Santa Cruz Island is the second largest island in the Galapagos and something of a hub for the archipelago. Puerto Ayora, located in the southeast of this large, round volcanic island is the economic center of the Islands . It has the largest population among the four inhabited islands (approx. 18,000), which economically relies mostly on tourism—including refurbishing and resupplying Galapagos cruise yachts—along with fishing and boat-building.

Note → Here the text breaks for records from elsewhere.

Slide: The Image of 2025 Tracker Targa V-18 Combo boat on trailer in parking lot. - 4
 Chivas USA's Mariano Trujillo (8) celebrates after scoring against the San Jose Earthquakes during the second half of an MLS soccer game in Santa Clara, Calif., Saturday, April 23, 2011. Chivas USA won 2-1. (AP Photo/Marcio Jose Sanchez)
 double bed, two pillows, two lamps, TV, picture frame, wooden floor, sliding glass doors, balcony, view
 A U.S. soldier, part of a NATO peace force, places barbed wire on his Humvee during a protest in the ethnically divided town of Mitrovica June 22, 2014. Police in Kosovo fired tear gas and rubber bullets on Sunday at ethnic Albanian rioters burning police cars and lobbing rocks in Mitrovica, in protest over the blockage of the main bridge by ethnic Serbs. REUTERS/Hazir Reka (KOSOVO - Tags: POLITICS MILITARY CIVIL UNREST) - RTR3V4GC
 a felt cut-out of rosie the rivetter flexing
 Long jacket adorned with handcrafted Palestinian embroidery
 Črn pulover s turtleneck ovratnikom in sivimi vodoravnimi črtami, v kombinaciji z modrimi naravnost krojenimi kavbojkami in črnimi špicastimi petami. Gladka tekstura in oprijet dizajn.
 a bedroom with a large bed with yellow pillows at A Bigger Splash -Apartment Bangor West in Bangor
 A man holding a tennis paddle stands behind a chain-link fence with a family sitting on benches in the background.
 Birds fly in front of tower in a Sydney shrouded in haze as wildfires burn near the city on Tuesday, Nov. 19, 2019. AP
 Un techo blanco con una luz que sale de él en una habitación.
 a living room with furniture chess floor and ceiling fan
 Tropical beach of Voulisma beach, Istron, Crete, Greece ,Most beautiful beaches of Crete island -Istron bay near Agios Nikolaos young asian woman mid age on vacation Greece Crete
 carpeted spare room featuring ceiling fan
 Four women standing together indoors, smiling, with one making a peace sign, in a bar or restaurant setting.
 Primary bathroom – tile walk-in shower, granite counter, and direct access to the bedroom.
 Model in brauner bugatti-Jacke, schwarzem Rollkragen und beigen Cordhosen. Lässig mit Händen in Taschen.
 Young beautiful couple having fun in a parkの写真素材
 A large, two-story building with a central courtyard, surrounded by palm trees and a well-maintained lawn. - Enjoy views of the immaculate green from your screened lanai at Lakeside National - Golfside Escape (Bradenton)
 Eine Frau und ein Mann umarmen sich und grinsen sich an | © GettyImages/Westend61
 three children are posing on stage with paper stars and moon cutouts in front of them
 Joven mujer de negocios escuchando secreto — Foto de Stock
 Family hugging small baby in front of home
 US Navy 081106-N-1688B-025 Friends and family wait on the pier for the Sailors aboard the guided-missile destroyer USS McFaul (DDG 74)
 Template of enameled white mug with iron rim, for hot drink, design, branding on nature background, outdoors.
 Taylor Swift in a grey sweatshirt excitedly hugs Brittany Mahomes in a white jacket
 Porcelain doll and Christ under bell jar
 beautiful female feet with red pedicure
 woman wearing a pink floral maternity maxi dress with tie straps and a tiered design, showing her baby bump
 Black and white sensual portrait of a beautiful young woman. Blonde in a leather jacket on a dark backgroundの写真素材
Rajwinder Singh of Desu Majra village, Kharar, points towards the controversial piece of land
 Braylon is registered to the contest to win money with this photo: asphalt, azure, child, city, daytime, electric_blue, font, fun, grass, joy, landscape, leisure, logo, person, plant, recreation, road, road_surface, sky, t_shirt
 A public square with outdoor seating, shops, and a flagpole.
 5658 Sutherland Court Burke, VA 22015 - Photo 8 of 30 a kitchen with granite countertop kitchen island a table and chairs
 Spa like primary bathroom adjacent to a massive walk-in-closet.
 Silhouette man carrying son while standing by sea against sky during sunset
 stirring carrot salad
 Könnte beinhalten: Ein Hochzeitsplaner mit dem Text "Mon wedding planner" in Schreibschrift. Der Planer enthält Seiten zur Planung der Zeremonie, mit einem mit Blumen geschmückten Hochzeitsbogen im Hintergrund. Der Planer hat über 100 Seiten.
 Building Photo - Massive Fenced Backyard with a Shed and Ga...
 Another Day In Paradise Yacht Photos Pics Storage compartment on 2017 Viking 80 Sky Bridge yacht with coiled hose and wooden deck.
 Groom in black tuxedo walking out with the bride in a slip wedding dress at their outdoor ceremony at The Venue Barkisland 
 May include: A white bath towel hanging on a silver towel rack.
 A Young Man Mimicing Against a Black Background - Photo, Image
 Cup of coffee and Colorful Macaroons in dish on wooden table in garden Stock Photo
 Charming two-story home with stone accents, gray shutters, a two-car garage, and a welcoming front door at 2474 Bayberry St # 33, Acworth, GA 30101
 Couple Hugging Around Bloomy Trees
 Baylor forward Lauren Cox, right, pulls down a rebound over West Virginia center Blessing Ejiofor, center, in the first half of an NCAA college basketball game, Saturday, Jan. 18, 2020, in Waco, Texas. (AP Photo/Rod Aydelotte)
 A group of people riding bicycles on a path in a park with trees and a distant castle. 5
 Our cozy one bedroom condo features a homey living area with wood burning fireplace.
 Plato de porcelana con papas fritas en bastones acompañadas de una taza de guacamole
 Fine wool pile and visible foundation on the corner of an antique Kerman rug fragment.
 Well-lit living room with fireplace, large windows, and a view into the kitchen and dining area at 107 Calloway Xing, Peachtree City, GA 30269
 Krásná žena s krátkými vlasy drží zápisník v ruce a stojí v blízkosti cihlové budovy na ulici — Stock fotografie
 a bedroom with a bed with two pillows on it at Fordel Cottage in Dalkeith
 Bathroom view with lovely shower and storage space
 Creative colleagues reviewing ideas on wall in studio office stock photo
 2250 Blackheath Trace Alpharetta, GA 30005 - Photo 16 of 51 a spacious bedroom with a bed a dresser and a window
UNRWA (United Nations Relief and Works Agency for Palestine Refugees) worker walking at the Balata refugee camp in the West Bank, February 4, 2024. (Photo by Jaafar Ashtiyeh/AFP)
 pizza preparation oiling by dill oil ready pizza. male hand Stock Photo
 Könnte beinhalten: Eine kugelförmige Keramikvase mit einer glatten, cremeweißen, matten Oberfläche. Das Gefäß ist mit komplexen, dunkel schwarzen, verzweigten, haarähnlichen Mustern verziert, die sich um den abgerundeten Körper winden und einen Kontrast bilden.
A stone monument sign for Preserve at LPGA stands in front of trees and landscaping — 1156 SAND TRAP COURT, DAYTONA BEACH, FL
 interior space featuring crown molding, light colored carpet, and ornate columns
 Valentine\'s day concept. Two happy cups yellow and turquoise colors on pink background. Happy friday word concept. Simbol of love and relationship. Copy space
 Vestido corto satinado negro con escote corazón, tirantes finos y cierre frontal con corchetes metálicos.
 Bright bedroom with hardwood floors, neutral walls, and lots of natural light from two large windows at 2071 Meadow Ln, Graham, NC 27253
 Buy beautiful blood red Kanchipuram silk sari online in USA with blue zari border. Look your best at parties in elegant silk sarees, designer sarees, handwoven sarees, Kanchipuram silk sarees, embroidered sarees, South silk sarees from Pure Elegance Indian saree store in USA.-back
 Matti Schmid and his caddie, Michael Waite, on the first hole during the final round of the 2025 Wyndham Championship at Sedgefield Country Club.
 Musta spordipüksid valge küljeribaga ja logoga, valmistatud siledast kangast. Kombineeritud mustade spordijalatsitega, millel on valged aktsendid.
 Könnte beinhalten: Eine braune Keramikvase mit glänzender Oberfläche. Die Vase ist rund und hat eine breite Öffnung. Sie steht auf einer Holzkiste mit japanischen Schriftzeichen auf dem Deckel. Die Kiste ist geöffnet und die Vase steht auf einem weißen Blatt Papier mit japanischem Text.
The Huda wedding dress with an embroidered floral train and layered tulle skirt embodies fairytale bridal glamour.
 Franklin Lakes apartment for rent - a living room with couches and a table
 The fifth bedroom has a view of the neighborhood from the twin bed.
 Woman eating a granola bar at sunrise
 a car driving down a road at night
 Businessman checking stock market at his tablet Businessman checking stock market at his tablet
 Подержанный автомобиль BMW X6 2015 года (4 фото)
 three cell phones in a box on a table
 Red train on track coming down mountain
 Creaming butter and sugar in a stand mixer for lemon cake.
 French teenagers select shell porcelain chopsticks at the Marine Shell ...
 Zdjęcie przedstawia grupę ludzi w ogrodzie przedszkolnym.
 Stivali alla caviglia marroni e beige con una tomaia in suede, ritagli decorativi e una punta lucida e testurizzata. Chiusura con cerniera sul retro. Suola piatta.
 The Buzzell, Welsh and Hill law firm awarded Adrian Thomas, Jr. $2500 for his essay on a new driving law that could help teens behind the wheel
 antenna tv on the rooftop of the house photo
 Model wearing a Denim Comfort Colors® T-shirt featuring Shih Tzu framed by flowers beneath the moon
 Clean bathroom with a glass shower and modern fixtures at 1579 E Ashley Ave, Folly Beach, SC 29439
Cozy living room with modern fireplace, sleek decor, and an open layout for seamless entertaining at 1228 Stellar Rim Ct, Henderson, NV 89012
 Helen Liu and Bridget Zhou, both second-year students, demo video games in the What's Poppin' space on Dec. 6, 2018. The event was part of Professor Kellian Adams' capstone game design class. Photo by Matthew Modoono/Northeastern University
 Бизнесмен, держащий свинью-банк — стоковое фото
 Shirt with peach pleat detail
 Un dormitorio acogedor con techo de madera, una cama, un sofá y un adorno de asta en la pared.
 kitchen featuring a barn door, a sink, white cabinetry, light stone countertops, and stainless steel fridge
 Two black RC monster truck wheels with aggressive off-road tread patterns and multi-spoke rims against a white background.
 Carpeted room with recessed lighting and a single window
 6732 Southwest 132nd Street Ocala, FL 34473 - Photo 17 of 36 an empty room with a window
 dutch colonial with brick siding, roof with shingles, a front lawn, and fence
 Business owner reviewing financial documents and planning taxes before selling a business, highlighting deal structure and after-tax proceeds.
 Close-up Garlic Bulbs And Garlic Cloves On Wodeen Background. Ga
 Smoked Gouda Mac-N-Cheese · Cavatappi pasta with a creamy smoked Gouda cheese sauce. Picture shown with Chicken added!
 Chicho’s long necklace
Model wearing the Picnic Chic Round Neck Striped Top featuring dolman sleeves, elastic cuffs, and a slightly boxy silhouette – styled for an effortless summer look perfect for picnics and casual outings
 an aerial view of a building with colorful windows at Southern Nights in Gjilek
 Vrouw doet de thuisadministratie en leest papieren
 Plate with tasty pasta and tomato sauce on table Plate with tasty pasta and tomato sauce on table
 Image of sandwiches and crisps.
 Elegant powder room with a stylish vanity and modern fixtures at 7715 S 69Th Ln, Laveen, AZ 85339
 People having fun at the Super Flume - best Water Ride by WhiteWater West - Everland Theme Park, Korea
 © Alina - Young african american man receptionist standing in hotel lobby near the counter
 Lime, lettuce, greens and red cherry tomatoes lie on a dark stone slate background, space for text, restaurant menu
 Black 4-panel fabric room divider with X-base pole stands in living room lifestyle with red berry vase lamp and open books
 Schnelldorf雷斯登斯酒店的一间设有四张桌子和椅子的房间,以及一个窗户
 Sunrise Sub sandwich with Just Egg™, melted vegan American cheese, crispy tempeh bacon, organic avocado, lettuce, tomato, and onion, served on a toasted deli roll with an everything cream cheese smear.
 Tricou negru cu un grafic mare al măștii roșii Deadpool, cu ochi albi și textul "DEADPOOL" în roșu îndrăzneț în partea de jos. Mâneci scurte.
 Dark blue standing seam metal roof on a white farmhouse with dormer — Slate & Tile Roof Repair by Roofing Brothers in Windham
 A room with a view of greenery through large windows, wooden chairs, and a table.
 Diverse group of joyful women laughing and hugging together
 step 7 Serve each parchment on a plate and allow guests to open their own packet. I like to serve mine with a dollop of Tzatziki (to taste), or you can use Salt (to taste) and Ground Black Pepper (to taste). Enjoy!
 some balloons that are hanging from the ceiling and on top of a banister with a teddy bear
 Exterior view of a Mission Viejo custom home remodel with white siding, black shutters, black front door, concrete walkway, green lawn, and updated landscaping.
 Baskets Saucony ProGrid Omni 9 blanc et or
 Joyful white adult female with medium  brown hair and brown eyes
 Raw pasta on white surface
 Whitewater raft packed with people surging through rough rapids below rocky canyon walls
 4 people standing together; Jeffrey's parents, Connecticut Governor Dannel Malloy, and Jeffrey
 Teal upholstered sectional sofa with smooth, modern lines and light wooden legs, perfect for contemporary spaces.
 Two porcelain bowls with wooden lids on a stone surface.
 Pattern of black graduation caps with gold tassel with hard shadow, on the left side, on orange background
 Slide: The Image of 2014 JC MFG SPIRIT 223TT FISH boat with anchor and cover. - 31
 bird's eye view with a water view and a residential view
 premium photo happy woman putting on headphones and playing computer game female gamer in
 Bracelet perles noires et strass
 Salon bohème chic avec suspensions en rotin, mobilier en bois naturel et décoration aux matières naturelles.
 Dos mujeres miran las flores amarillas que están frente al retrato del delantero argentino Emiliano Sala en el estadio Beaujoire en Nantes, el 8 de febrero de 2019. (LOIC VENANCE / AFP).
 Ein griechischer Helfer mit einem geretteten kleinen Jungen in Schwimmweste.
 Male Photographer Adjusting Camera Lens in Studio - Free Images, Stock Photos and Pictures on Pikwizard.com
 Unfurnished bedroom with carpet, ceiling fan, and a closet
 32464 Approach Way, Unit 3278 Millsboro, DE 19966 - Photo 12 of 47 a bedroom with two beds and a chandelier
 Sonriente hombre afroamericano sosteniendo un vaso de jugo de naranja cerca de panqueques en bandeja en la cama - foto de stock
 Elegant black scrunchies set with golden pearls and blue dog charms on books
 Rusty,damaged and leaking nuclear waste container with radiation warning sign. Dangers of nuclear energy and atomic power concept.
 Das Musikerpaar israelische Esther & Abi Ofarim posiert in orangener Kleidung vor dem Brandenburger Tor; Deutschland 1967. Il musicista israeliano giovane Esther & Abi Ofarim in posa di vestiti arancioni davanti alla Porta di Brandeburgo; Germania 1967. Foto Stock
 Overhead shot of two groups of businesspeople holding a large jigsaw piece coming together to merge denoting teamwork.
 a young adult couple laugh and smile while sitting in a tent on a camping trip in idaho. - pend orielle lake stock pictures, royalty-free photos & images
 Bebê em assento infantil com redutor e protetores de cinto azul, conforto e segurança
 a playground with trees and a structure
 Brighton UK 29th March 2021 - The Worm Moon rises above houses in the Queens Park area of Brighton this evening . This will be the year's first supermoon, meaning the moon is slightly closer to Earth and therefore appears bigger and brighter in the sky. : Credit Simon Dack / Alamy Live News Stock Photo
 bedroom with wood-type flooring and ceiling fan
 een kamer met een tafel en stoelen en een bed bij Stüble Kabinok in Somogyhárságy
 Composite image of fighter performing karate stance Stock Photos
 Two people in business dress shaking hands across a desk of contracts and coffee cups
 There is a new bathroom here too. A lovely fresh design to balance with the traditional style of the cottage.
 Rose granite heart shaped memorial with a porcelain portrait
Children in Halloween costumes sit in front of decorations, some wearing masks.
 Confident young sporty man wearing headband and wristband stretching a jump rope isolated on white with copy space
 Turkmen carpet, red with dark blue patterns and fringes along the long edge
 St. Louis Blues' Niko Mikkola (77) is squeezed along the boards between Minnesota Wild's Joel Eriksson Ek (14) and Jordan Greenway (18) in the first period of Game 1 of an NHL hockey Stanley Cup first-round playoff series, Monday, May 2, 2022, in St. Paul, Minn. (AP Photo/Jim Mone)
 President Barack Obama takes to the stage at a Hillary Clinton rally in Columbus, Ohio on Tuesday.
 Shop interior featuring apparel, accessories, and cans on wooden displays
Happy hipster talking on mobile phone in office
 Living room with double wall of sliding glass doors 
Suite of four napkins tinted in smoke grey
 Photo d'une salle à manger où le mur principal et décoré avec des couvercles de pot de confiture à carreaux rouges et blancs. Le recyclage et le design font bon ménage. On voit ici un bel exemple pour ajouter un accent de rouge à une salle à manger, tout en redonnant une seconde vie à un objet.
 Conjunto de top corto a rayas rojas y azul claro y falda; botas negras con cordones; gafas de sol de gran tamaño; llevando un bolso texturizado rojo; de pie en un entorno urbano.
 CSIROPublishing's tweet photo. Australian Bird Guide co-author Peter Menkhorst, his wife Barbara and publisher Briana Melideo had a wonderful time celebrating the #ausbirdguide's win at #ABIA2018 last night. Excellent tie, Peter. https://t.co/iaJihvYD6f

Puerto Ayora is home to both the Galapagos National Park Service Headquarters and Charles Darwin Research Station, the center of the great restorative efforts taking place in the park, a UNESCO World Heritage site. Here we go ashore to visit the Giant Tortoise Breeding and Rearing Program run by the research station, which began by rescuing the remaining 14 tortoises on the island of Española in 1970. This program has restored the population of animals there to over 1,000 today. You will see many of these animals, with their sweet ET necks and faces; from hatchlings to juveniles to large, distinguished individuals like Lonesome George, the last of his particular race of tortoises. The local color of this port makes for an attractive stop-off, with restaurants, souvenir shops and internet cafés.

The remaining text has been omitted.